A Wal-Mart in Nanchang, shortly after its opening in 2005
Is there a war against foreign supermarkets in China? The Chongqing arrest of Wal-Mart employees for repeatedly passing off conventional pork as premium "green food" pork has received huge publicity and Wal-Mart has closed all its outlets in Chongqing. In January of this year, Carrefour and Wal-Mart outlets were singled out for fraudulent pricing behavior.
Why are Carrefour and Wal-Mart being singled out? Are these fortune-500 companies more shifty and dishonest than other retailers in China? Surely not.
These crackdowns are likely to some degree a reflection of growing resentment in China against foreign supermarket chains that is starting to pop up in the Chinese press.

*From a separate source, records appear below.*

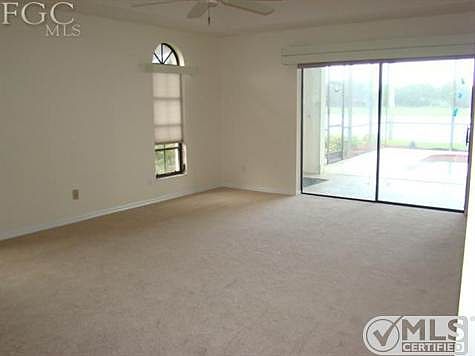 Large Master Bedroom with sliders to lanai, new carpet, tray ceilings.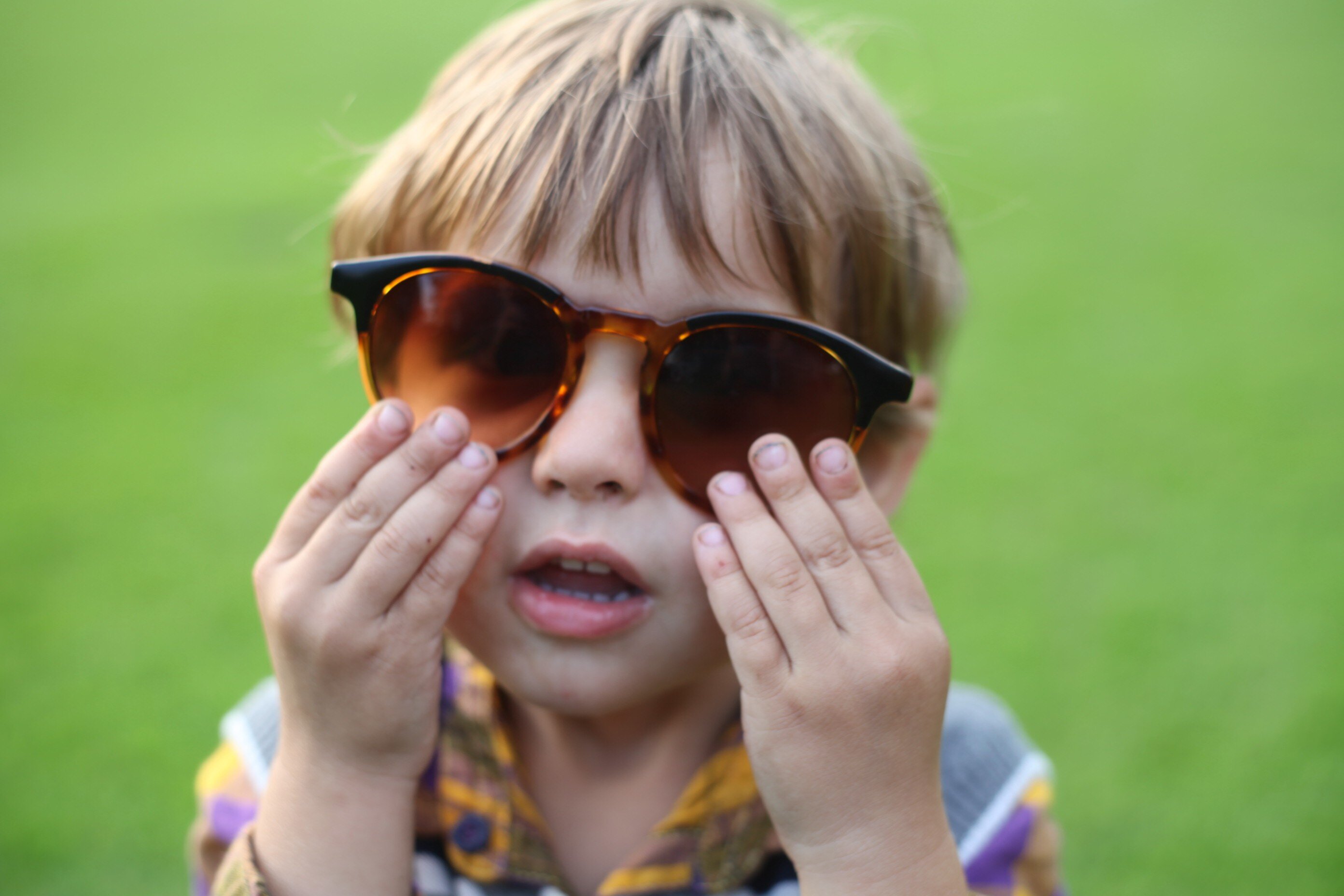 Kind mit Sonnenbrille auf einer Wiese Kind mit brauner Sonnenbrille und bunt kariertem Hemd steht auf einer Wiese und hält sich die Hände ans Gesicht.
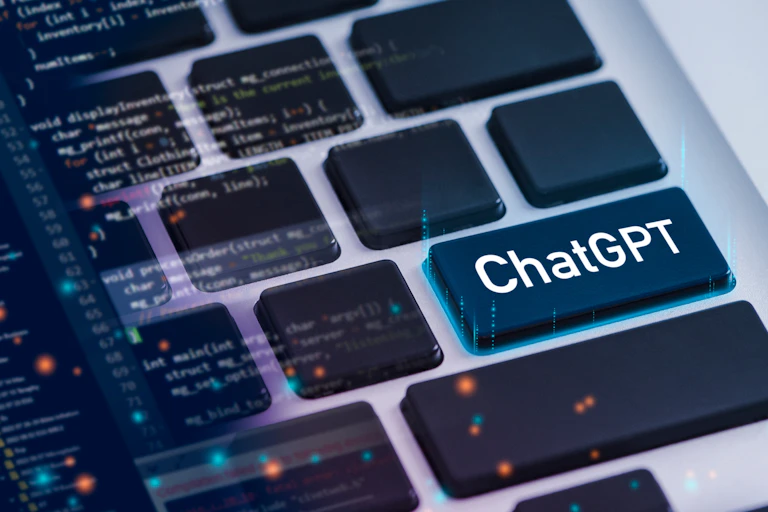 Close-up of a few buttons on a keyboard. One of the keyboards says 'ChatGPT' on it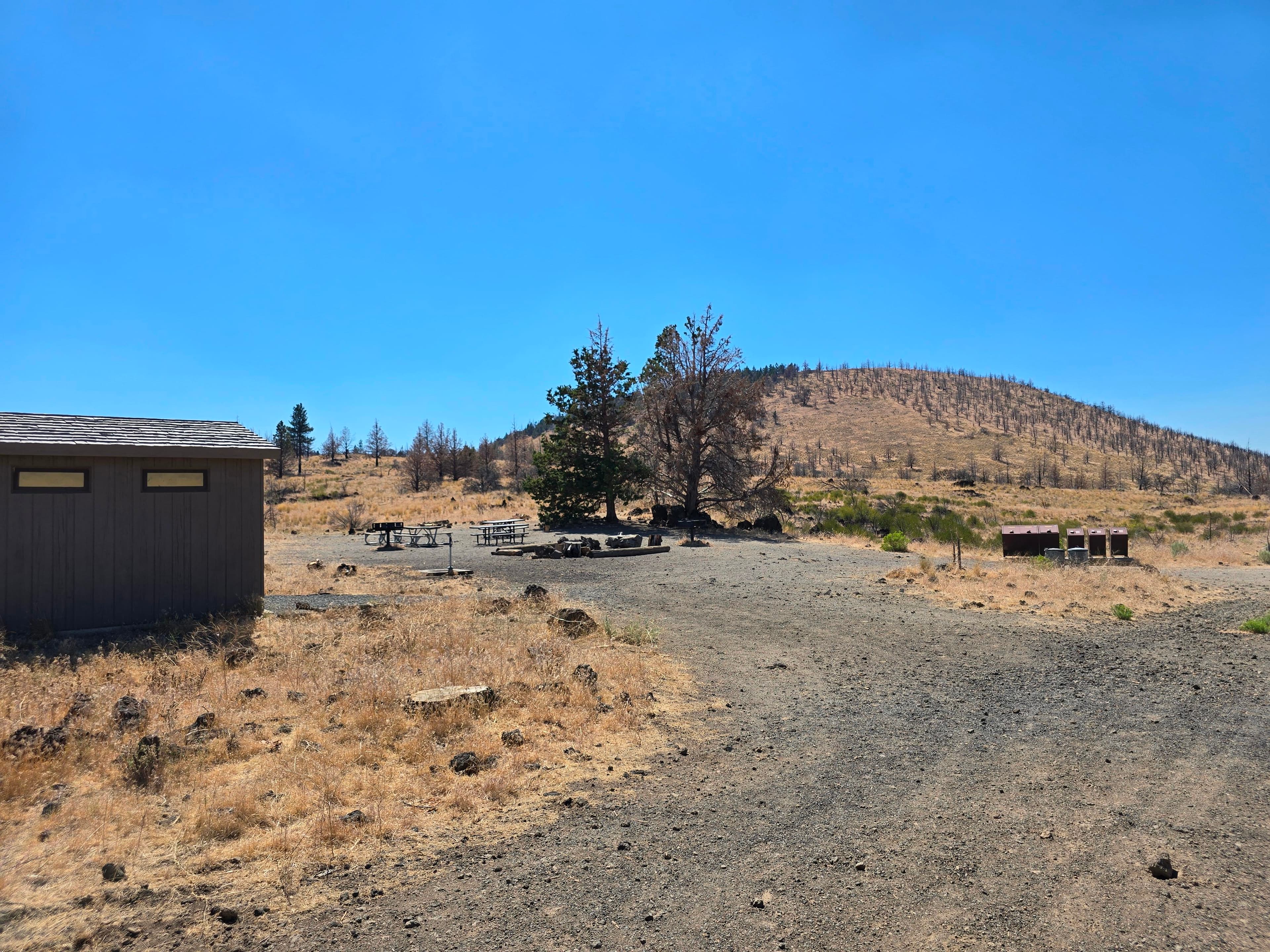 Looking towards group site, brown bathroom building on the left, and picnic tables in the background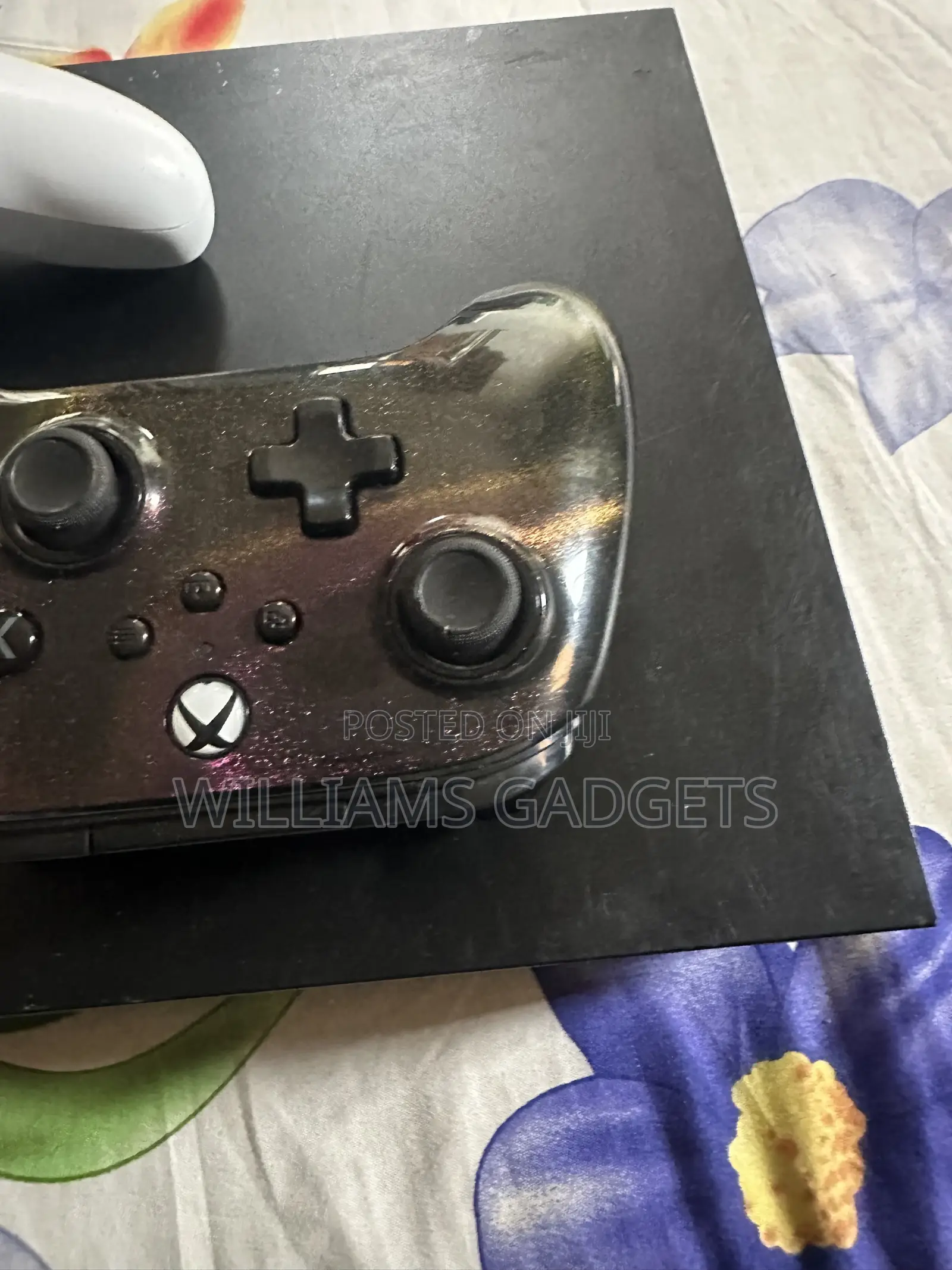 Xbox One X, Two Wired Controllers and Games Installed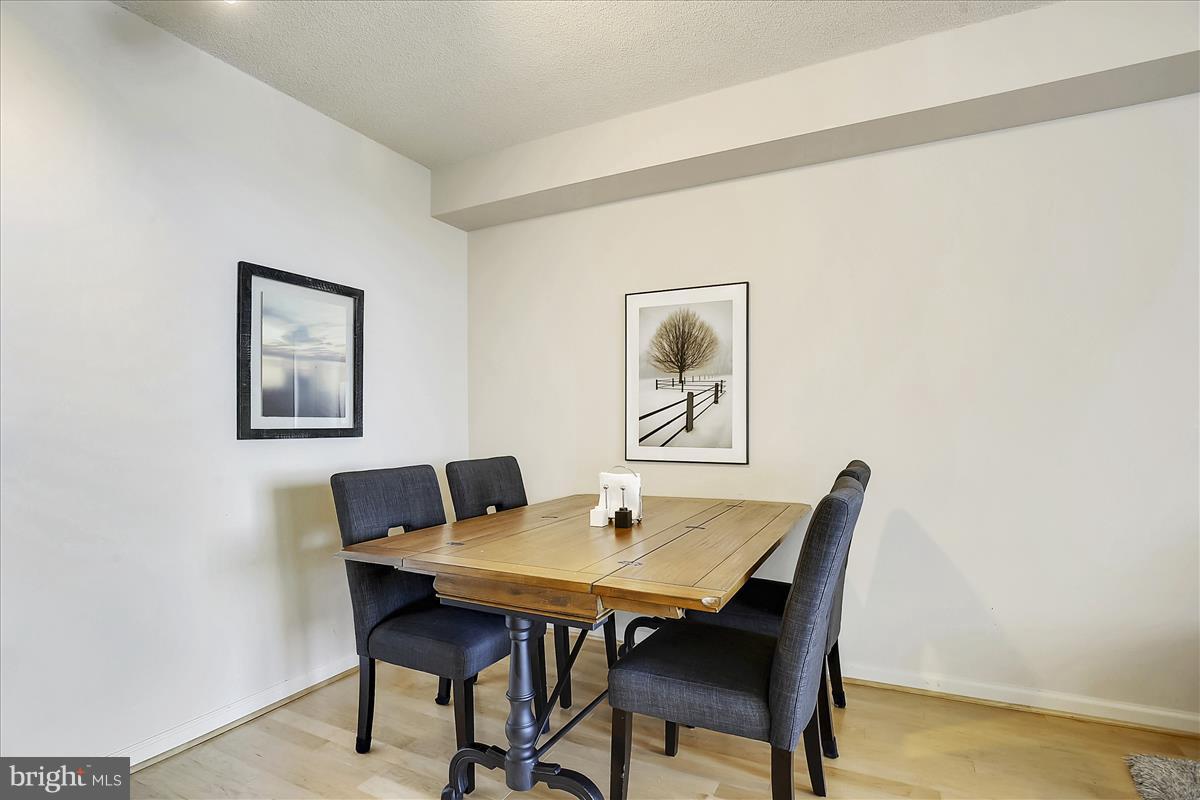 2726 Gallows Road, Unit 612 Vienna, VA 22180 - Photo 8 of 30 a view of a dining room with furniture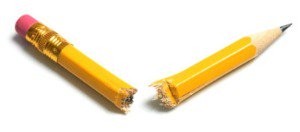 Yellow pencil with a rubber on top that's been snapped in half.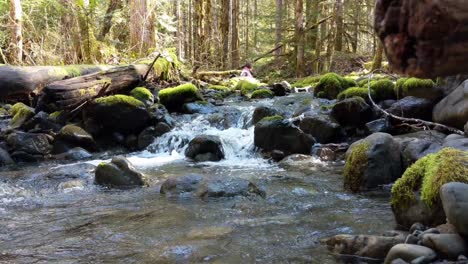 Shaman---Sangoma-at-waterfall-doing-water-ceremony-in-the-Olympic-National-Forest,-Washington-State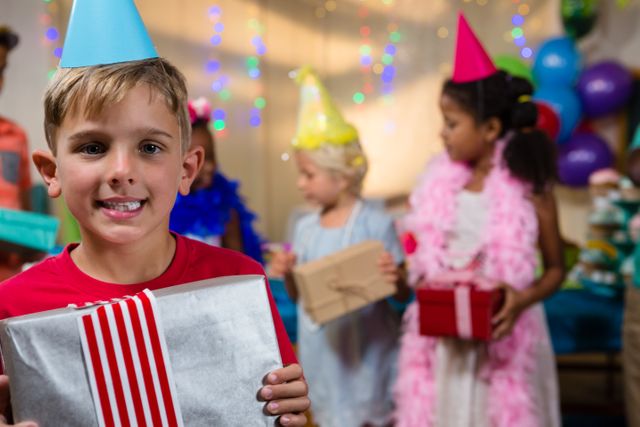 Boy holding a wrapped gift with friends in background at a birthday party. Children wearing party hats and colorful decorations create a festive atmosphere. Ideal for use in content related to children's parties, celebrations, joy, and childhood memories.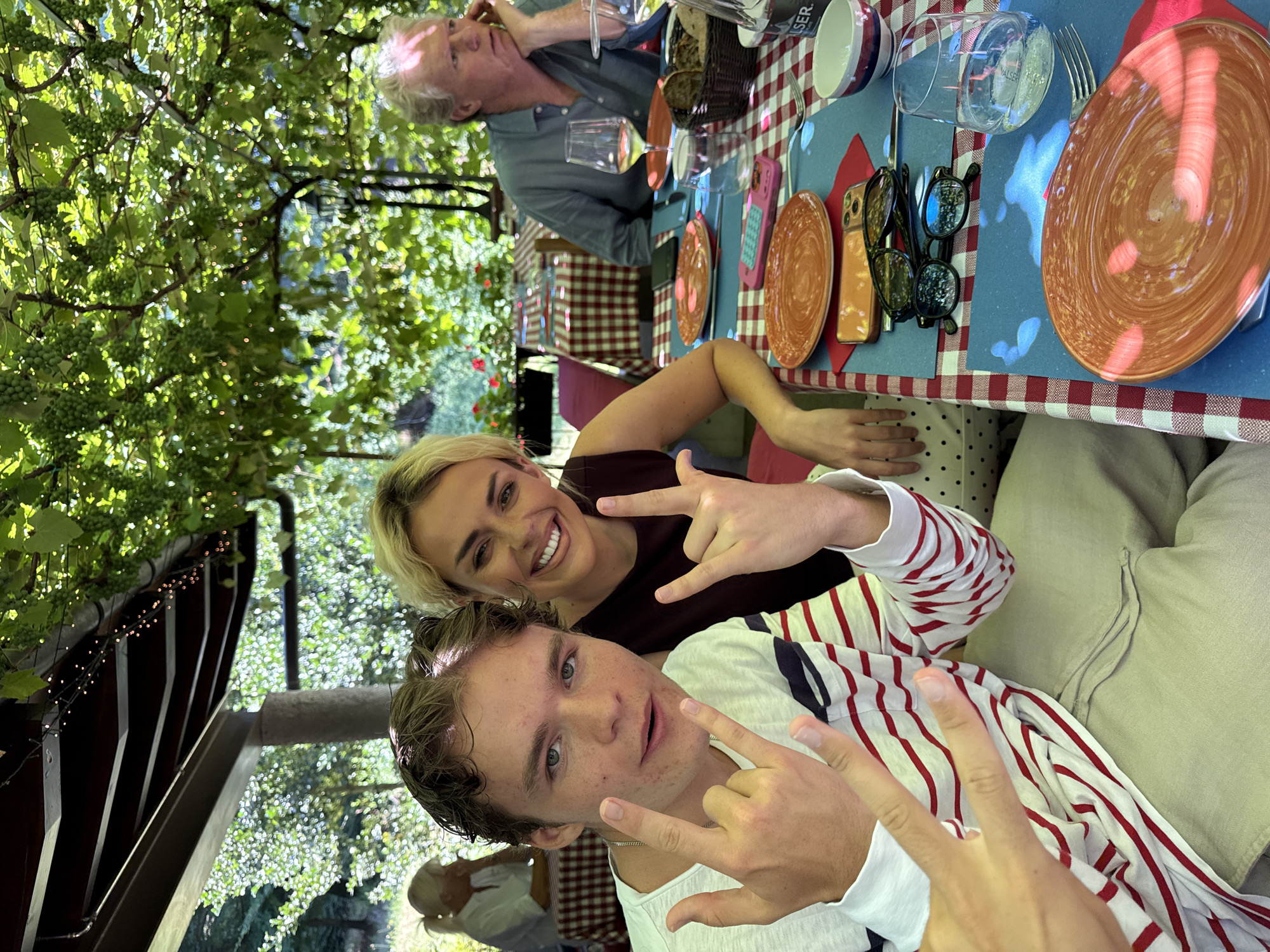 A medium shot captures three individuals at an outdoor table with a checkered tablecloth. The table is set with orange plates, glasses, and a basket of bread. Overhead, grapevines with green grapes cast dappled light on the scene. In the foreground, a young man with curly brown hair grins at the camera, holding up his hands in a rock-and-roll gesture. He wears a striped shirt and light-colored pants. To his right, a woman with blonde hair smiles broadly, also making a similar hand gesture. Further back, an older man with gray hair rests his chin on his hand, looking to the side. The location is Agno, Switzerland.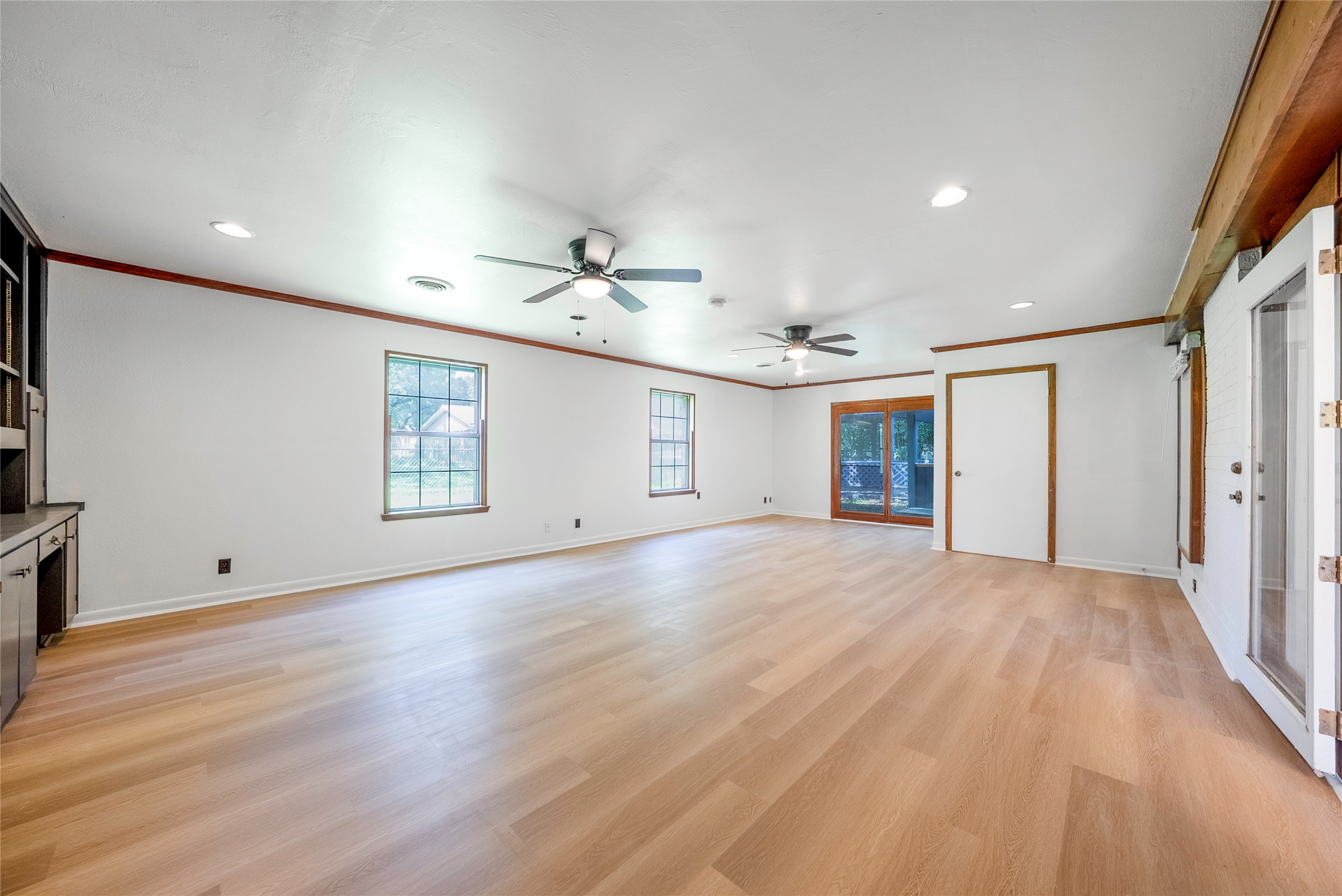 807 Country Club Road Georgetown, TX 78628 - Photo 12 of 28 a view of an empty room with wooden floor and a window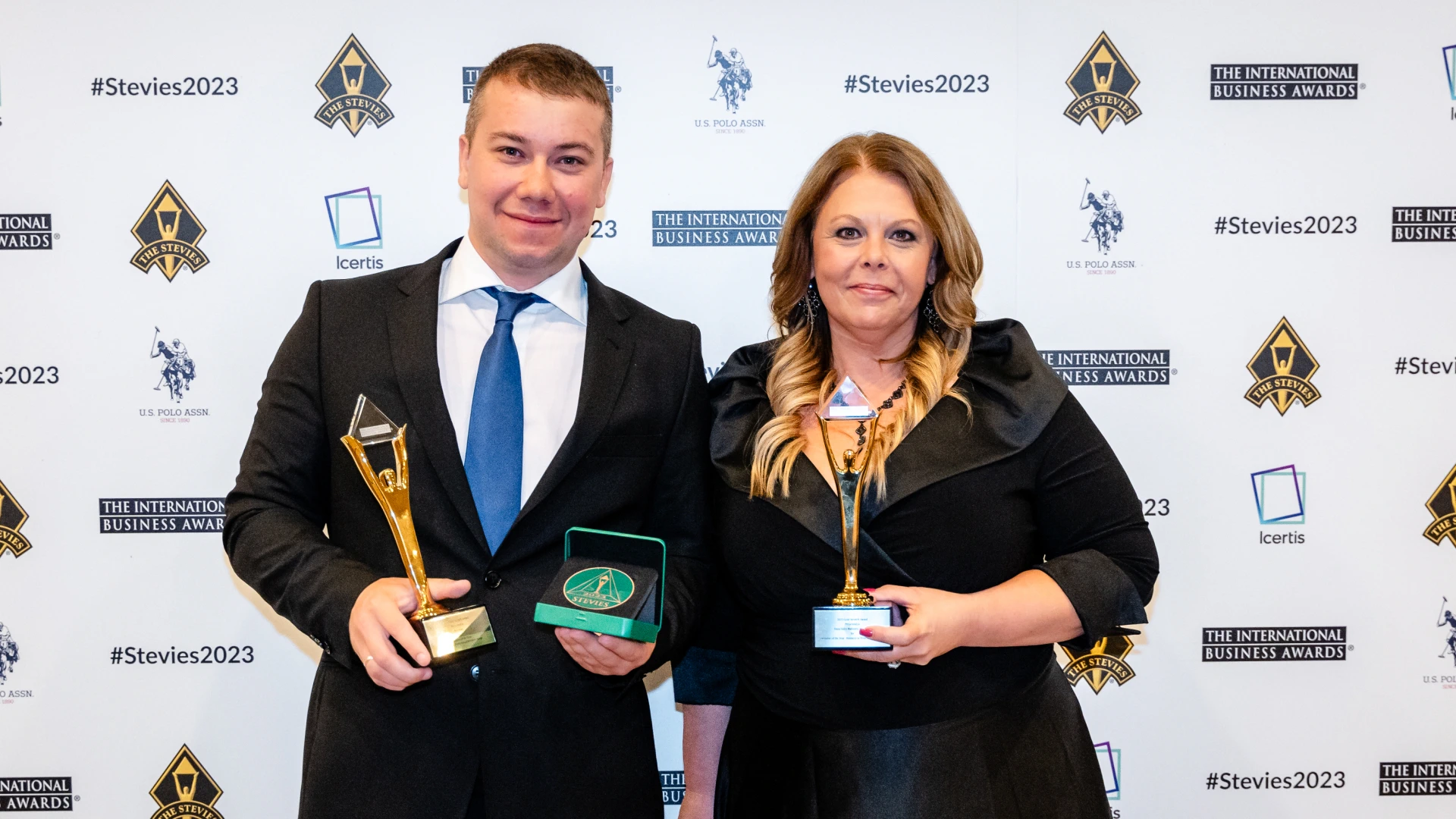 Alexander Tereshchenko, COO, and Dana Sides-Mahoney, Sr. Vice President of Global Operations, wearing business suits, hold awards in their hands with a banner in the background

The release of the 2010 list of top-100 retailers highlighted the growing influence of foreign chains in the Chinese supermarket sector, noting that five foreign chains opened 140 new stores, a faster growth rate than domestic supermarkets.
An article that appeared in January this year about the same time as the price-cheating accusations provided a megaphone to a Zhejiang supermarket executive and Peoples Congress representative to complain about unfair competition from foreign supermarkets. He called for local governments to give domestic supermarkets a helping hand, perhaps a clue to a behind-the-scenes campaign against foreign supermarkets launched this year.
The official claimed that 90% of large supermarkets in large cities like Shanghai and Hangzhou are foreign companies with little space for domestic supermarket chains to survive. The official claimed that foreign supermarkets had come into China like a flood after WTO accession. Chinese supermarkets are like small shoots in a rice field that are washed away.
According to the Zhejiang supermarket official, domestic supermarket chains have to keep moving to more remote markets as foreign supermarkets extend their reach. First, foreign supermarkets enter big cities, pushing domestics to small cities. Then foreign companies enter small cities, pushing the domestics to towns, etc. "We go where the foreigners don't want to go," said the official. Domestic supermarkets are pushed "up the mountain and down to the countryside."
The official complained that cities entice foreign supermarkets into their city as an "image project," offering them free land and tax advantages. Domestic chains pay more in taxes and are obliged to hire workers. He claims that domestic chains have a larger "social responsibility" that the foreign chains evade.
Unable to compete with foreign chains on an equal footing, the Zhejiang executive urges local government officials to hold the business of domestic supermarkets together. Otherwise, the domestic chains will be forced to keep moving to more remote places that foreign companies are not interested in or be absorbed by the foreign companies.
Another criticism was posted on a public forum in April by a person who returned to his hometown in Shandong and was shocked at the low prices foreign supermarkets pay farmers for their vegetables. "Foreign supermarkets buy at low prices, exploiting China’s producers; foreign supermarkets [sell at] high prices, exploiting Chinese consumers!"
Another posting, apparently in response to the price-cheating allegations, points out the folly of singling out foreign supermarkets for cheating on prices. This poster points out that the supermarket stores are run day-to-day by Chinese people; the foreigners only show up for big events or major decisions. He calls the foreigners fools for blindly turning over their stores to Chinese people. "Only people with an IQ below 50 can think that [cheating people on prices] is a foreigner’s trick. What a joke! Carrefour is a fortune 500 company. Cheating people on prices like this would destroy their reputation--how many years will it take to repair [the damage]? This kind of price cheating can only happen in China."